A Man Named Oliver Winchester – From Shirt Maker to Iconic American Figure
The .300 Winchester Magnum, the .270 Winchester, the .243 Winchester, the . 308 Winchester, the .338 Winchester Magnum; besides being some of the most beloved cartridges of all time, what else do these calibers have in common?
They’re all named after a man who never designed a cartridge or built a firearm in his life. Oliver Winchester wasn’t a gun builder, but he was one heck of a smart businessman—perhaps one of the most brilliant and forward-thinking of his time.
His perceptive investments in the mid-19th century changed history and led to the Winchester brand becoming an American icon—an icon that has been living on now for 150 years.

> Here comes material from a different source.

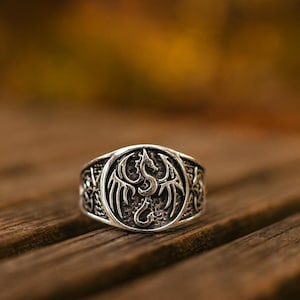 May include: A silver ring with a detailed dragon design. The ring features a circular emblem with a dragon in the centre, surrounded by intricate patterns. The ring is set against a blurred wooden background.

Winchester is celebrated in novels, Hollywood movies and hunting camps from Alaska to Argentina. When the word Winchester pops up, most people instantly think of guns and ammunition, even those people who aren’t shooters.
From Shirts to Shooters
Oliver Winchester was born in Boston in 1810, worked as a carpenter, ran a men’s clothing store and in 1848 started a dress shirt manufacturing company. Not the pedigree you would expect from what would become the biggest name in the shooting and outdoors world. Like many men of that era, Winchester was interested in guns and hunting, and as a man of means and curiosity, he took interest in the developments of the Volcanic Repeating Arms Company.

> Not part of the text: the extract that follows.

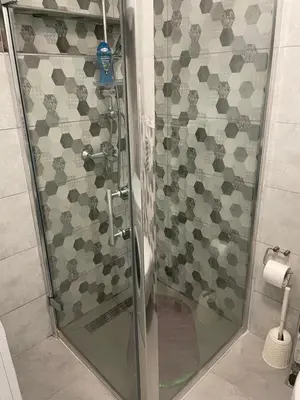 a shower with a glass door in a bathroom at Central 13 in Tuzla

That company was instrumental in the development of the first lever-action rifle. In fact, he was so interested in their creation, he invested in the company in 1855, became principal stockholder a few years later and eventually changed the name to New Haven Arms Company.
The Volcanic Arms lever-action functioned fairly well as a repeating rifle, but the ammunition it fired did not. The loads used in this rifle were hollow-core bullets filled with gun powder and capped with a percussion cap in the rear. The small dose of powder produced less punch than that of a typical .22 Long Rifle cartridge of today.
Winchester’s factory superintendent, gunsmith Benjamin Tyler Henry, worked to improve the Volcanic and in 1860 was granted a patent for what became the Henry rifle.
It fired a 200-grain bullet 1,125 fps from the .44 Henry flat rimfire cartridge, 16 rounds of which could be loaded down the front of the magazine tube. Some 12,000 Henry’s were ultimately built with many used in the Civil War. However, by 1864, Henry had left Winchester to work on his own designs.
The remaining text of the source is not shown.